Task to complete:
Would you print, word for word, only the lines running from the line with "CMUA-Watermark: A Cross-Model" to the last line of the entries, without the pictures?

Material to process:
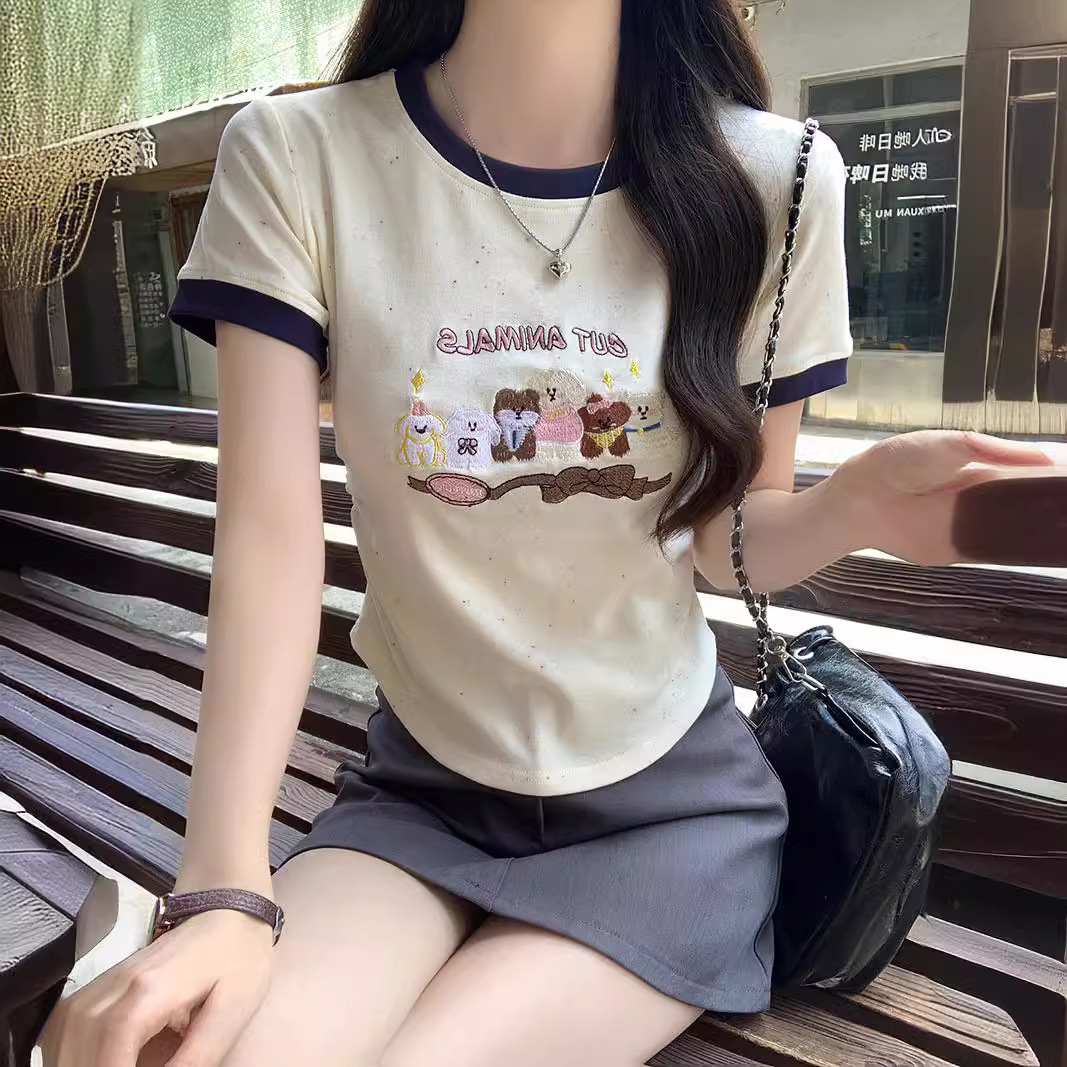 Korean Embroidered Shoulder Short-Sleeved T-Shirt Summer 2024 Fashionable Embroidered Flower Shoulder Slim-Fit Short Contrast Color Round Neck Top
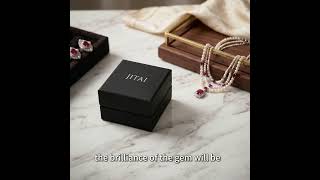 JTB061 Gem Ring Box Luxury Custom Black Jewelry Gift Packaging for Gemstone Rings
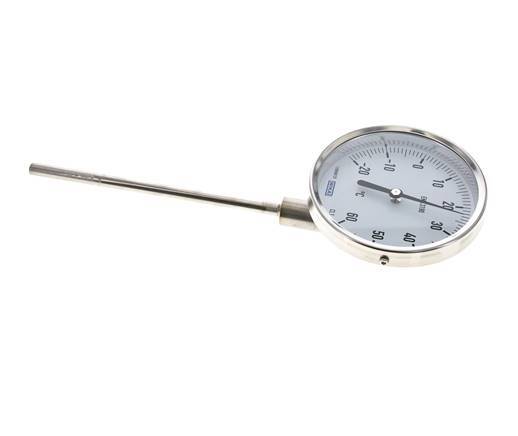 -20 to +60°C Stainless Steel Bimetallic Thermometer 100mm Cabinet 160mm Stem Bottom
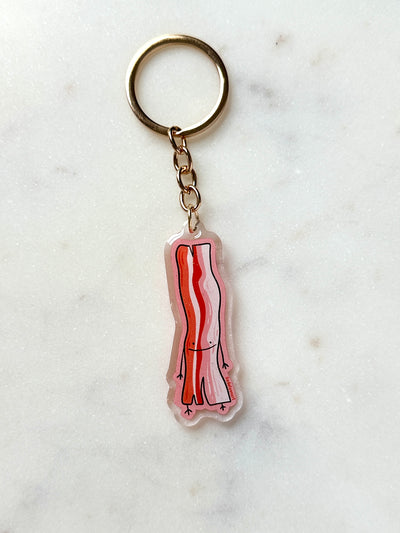 Bacon Dude Acrylic Keychain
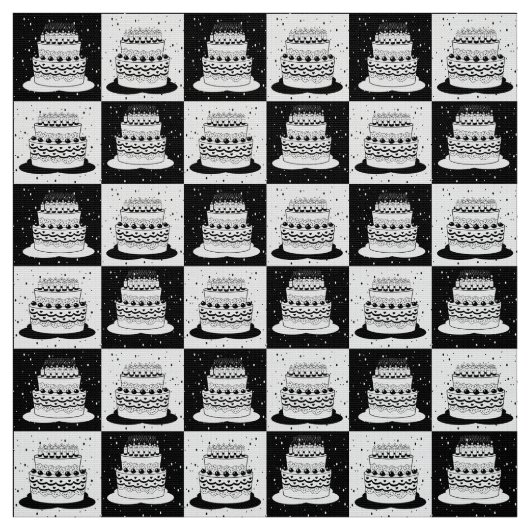 白黒ケーキ ファブリック (見本)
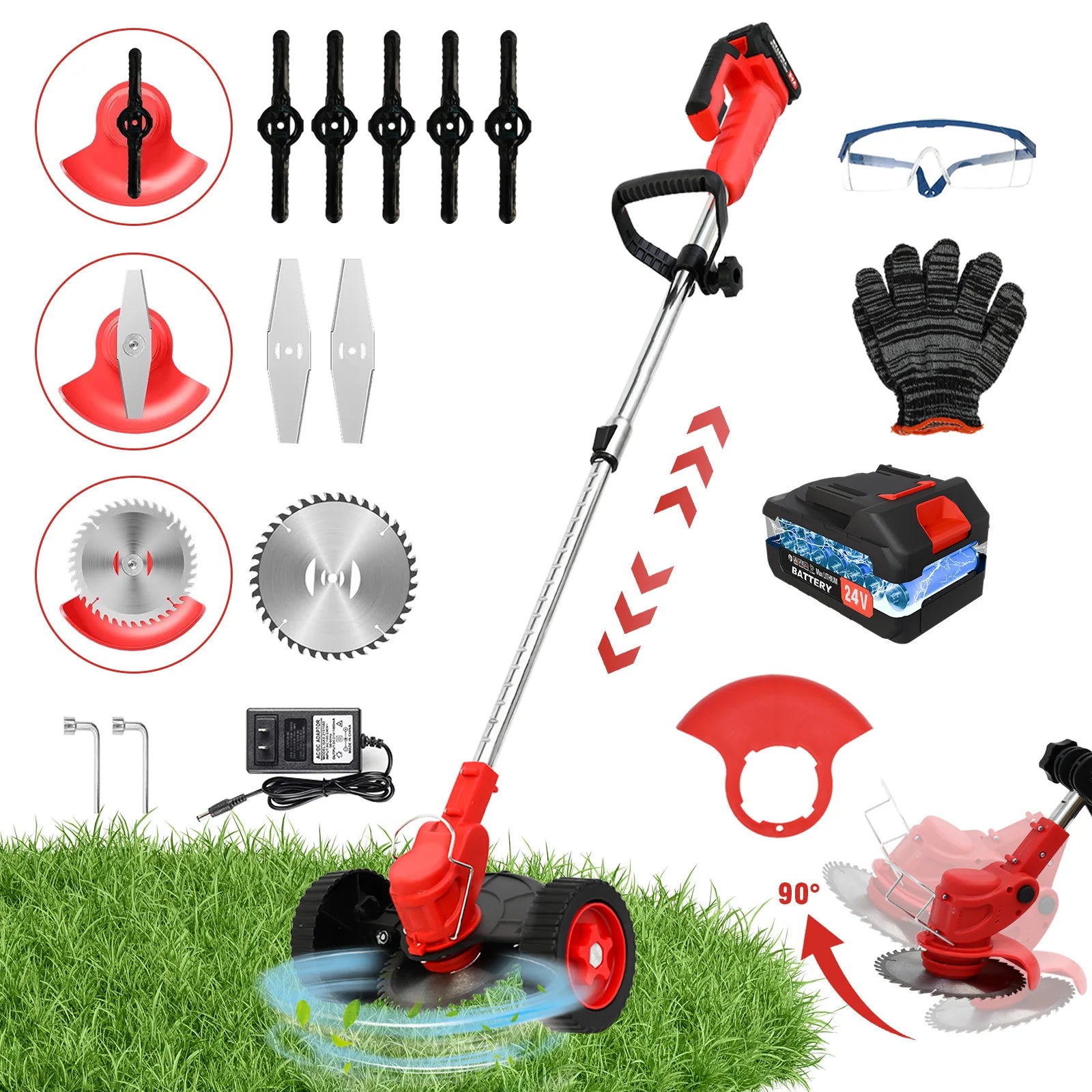 21 V Akku-Unkrautstecher, elektrischer Rasentrimmer, 3-in-1-Bürste mit Rädern, 24 V Lithium-Ionen-Kantenschneider und Trimmer für Rasen und Garten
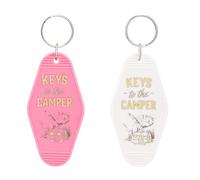 Mikovivi 2uds Llavero de Camping, Llaves del Autocaravana Llavero Accesorios de Caravana Camper Cadena Llaves para Mujer Hombre Regalo (Rosa & Blanco)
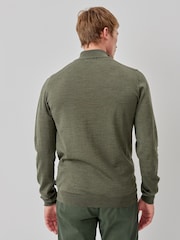 Oliver Sweeney Merino Wool Quarter Zip Jumper - Image 2 of 6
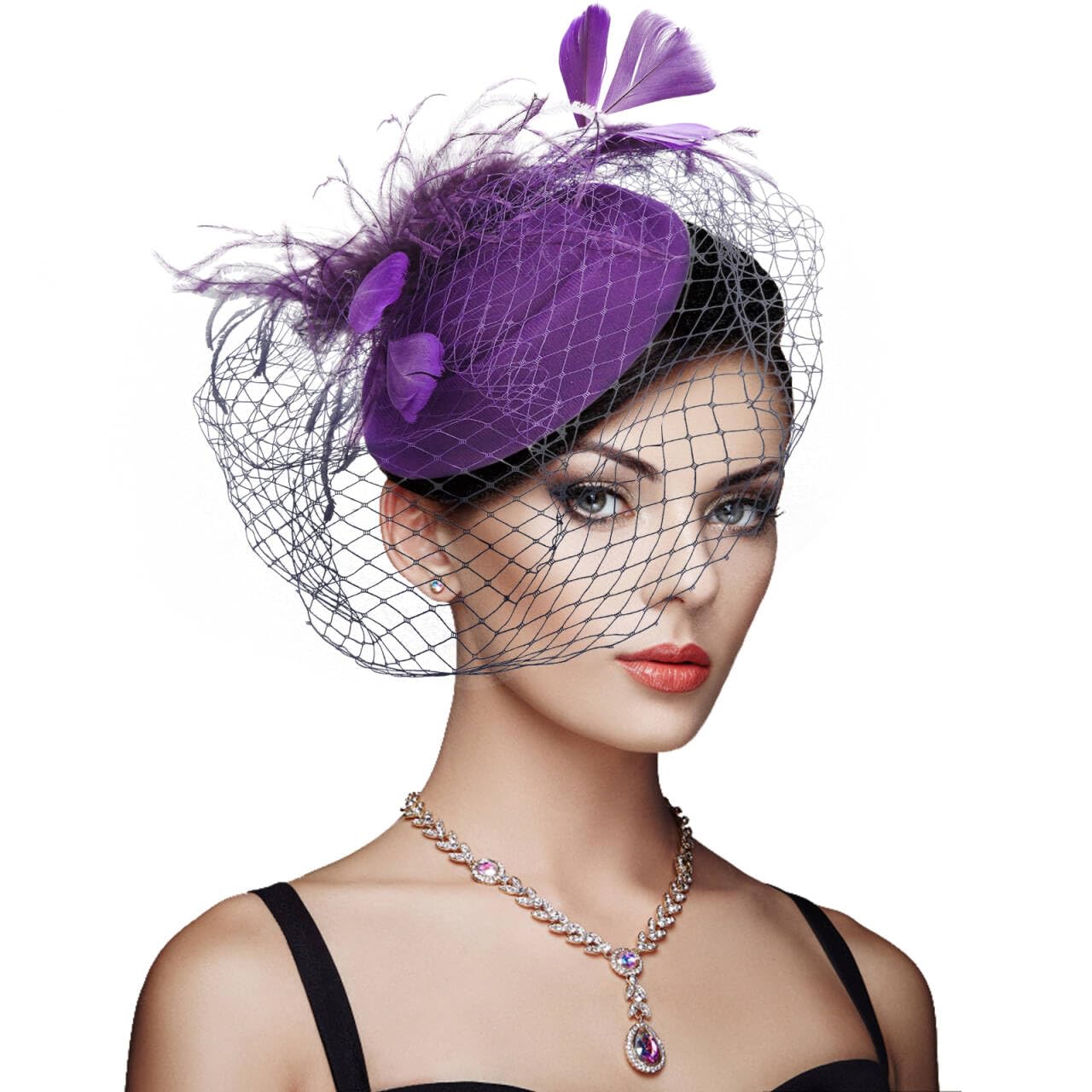 DRESHOW Fascinator Hats for Women Pillbox Hat with Veil Headband and a Forked Clip Tea Party Headwear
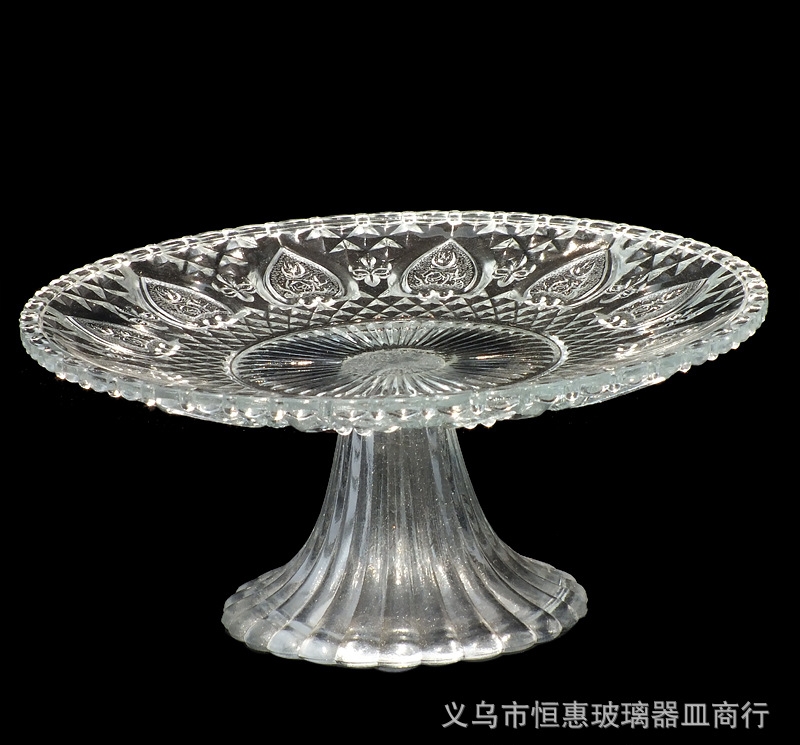 Wholesale crystal glass RBC high foot cake plates, fruit candy plates, glass art tableware and gifts from the manufacturer Specification image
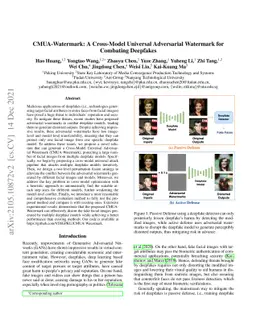 CMUA-Watermark: A Cross-Model Universal Adversarial Watermark for
  Combating Deepfakes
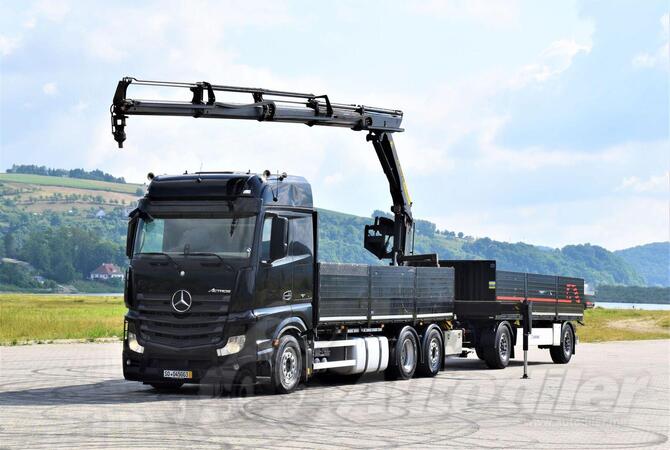 Mercedes Benz - ACTROS 2542 6x2 Ravna Platforma + Kran Palfinger PK18002-EH C + Prikolica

Result of this task:
 CMUA-Watermark: A Cross-Model Universal Adversarial Watermark for
  Combating Deepfakes
 Mercedes Benz - ACTROS 2542 6x2 Ravna Platforma + Kran Palfinger PK18002-EH C + Prikolica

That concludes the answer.